Politicking and the RM210 billion stock wipeout

(FMT) – While the US and China engage in a trade war which has taken its toll on Bursa Malaysia, the constant politicking and questions about a transfer of power is making things worse, says a fund manager. However, an academician says the market slump is because of fears of a recession.

Since the general election of May 2018, market capitalisation has fallen from RM1.62 trillion on May 9 last year to RM1.41 trillion on Thursday (Aug 29) — a “paper loss” of RM210 billion in capital value.

For the past 15 months government leaders have been under fire from the opposition, most notably former prime minister Najib Razak, who has repeatedly illustrated the difference between the stock market’s performance during his time and the present.

Fund manager Danny Wong (pic) says there is no need yet to panic over the stock market’s performance but believes less politicking and a clearer picture of how the government plans to grow the economy would help.

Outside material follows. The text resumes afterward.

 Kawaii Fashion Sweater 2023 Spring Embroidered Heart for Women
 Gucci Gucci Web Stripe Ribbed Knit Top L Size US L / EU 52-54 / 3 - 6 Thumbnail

“Going by the FTSE Bursa Malaysia EMAS Index, which captures the broader market, market capitalisation went down from RM1.62 trillion on May 9, 2018 to RM1.41 trillion on Aug 29, 2019.

This 13% dip amounts to an RM210 billion loss, but this does not paint an accurate overall picture of the stock market.

“It is mostly the “big boys” who have taken a hit,” said Wong, who is chief executive of Areca Capital. He said big stocks went down by some 5% but some mid- and small-cap stocks are performing, with some showing increases in value of between 15% to 18%.

The drop in the bigger stocks he said also affect fund management institutions because they typically buy shares in such companies.

In the case of big stocks, Wong said that many are either controlled or associated to government-linked companies and changes in their board or leadership in the past year would have a short term effect on them.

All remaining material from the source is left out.